Task goal: In the material below, the lines from the one containing "Engravable 4 Stone" through the one containing "China Fireproof And" are to be given again exactly, ends included, and no others.

Data listing:

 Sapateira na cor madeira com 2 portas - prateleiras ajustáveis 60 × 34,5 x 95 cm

* * *

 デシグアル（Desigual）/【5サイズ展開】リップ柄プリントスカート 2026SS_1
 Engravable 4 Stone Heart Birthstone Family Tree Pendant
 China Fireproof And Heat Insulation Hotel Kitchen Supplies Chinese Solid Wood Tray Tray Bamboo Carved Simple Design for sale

Solution to this problem:
 Engravable 4 Stone Heart Birthstone Family Tree Pendant
 China Fireproof And Heat Insulation Hotel Kitchen Supplies Chinese Solid Wood Tray Tray Bamboo Carved Simple Design for sale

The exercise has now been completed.